Becoming an Author

by Larry Strattner


He wasn't really sure why he started writing. It just happened, beginning with poetry; his verse was uniformly bad but occasionally rhymed. He found a place of early testosterone or estrogen development online, a website publishing  any poem anyone submitted, any time.


The poetry website was divided by subject category such as nature, God, unrequited love, humor, and angst, as if the 14-year-olds who congregated there had any idea what angst was. There were prohibitions against penetration of any ilk and bad language, which seemed evaluated using inconsistent methods. To avoid problems he wrote poems about groundhogs, dogs, flowers and parodies about Internet advertising. He could bring something to the advertising discussion because it was his day job, writing purchase-provoking words about ice cream, toothpaste and sexual lubricants. All in all, his life begged for some improvement. It boiled down to gross hucksterism by day, sophomoric poems by night. Before long he stumbled across flash fiction.

Flash, a form comprised of 1000, 750, 500 or less words, lurked on the fringes of literature, all the way down to worthies who thought they could tell a story in less than 50. "Your mother wears army boots." The form had probably arisen in cities where this type of narrative was considered stylish and, incisive. If you were good at it you could get yourself killed while delivering your composition about someone's mother to a poorly chosen listener. He had grown up in New York and had a mental, perhaps even genetic, or possibly tribal predisposition for Flash. He threw himself into the form.


The flash marketplace tended to edge up a bit toward the real world. They had editors, style mavens or Content Queens and you could find your artistic efforts summarily rejected. Flash was a crossover between the love smitten teenage breast-beater and the novelist with two years of work behind him staring at 400 letters of rejection with another 400 yet to arrive.


He did okay with flash fiction but never quite reached the level of cranking shit out. In various forms of writing cranking shit out paves the road to success. You write a bunch of little sparklers, set up an Excel spreadsheet to keep track of everything and then broadcast your bullshit relentlessly. If your buyer is paying low dollars, or no dollars, for content, everything will find a home eventually. You will become a well-known Flasher.


One day, he wrote a flash piece he judged not too bad. It had a bit of humor, a touch of violence and a goofy original protagonist. He wrote another flash piece about the same guy in different circumstances and another after that. Before he knew it he had a bunch of linked stories about the same weird guy. Seeing this working out fairly well he gave his project the gas, then set his cruise control to cranking shit out. Before you could say Little Jack Horner, there was a book. It sucked, but then most books suck. Some even suck and are stupid and amateurish to boot. His book at least had an interesting premise and a dorky hero who would appeal to many people in the English-speaking world who could still read.


He sent the book around to various agents and publishers and surmised, after about 100 suspiciously worded rejections, no one was even looking at his book before claiming to be busy, backed up, or caught in the middle of transgender surgery; but good luck, and be assured acceptance for representation or publication is based on different criteria at different agencies and we are sure you will yet find someone mentally deficient enough to give your book a shot. Being more of a doer than a thinker he said to himself, fuck it, and wrote another book. This one went a little faster managing not to stumble into as many potholes and sewage trenches as the first. It might still have been bad, but he had no reference point, and so put his works up on a digital reading site and sold a few copies.


Meanwhile, various thieves, charlatans and blackguards loose in the world managed to piss him off, momentarily distracting him into writing vituperative opinion columns in the newspaper which he then discovered was also used as a vehicle for obfuscation by various thieves, charlatans and blackguards, discouraging him. So he wrote another book.

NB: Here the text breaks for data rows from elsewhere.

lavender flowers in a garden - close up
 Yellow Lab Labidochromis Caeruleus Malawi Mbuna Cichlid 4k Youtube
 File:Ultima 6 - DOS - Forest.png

In hardly the blink of an eye he had written three books and sold about an equal number. He had become an author. This is how it often happens.  He pointed out his achievement to the local community college and was awarded an associate doctorate of pulp fiction at that year's graduation.


Two sleaze balls from LA called him up and wanted to use the protagonist of his first book for a graphic novel. They planned a fair amount of full-color sex and frontal nudity, which embarrassed him since he had modeled his protagonist after his own physical endowments. He refused to grant the rights but the sleaze balls went ahead anyway, rightfully figuring he didn't have enough money to retain a lawyer and had perchance forgotten to copyright his work.


He drew some cash out of his Roth IRA and rode a few Greyhound busses to LA. Upon arrival he hooked up with some people in Compton referred to him by an old friend in Harlem. The Compton crew sold him a Glock 17 and he took a bus over to Studio City and whacked the two sleaze balls on principle.


Tried and convicted of the crime in LA his sorry butt was packed up to Pelican Bay Super Max where he is at work on his next novel, Uranus, A Journey Through Space.


He will be eligible for parole in six years and is spending the rest of his free time learning how to write holographic novels narrated by the main characters and played out on any home dining room table.


Vita brevis, ars longa, he says, being an Author and all.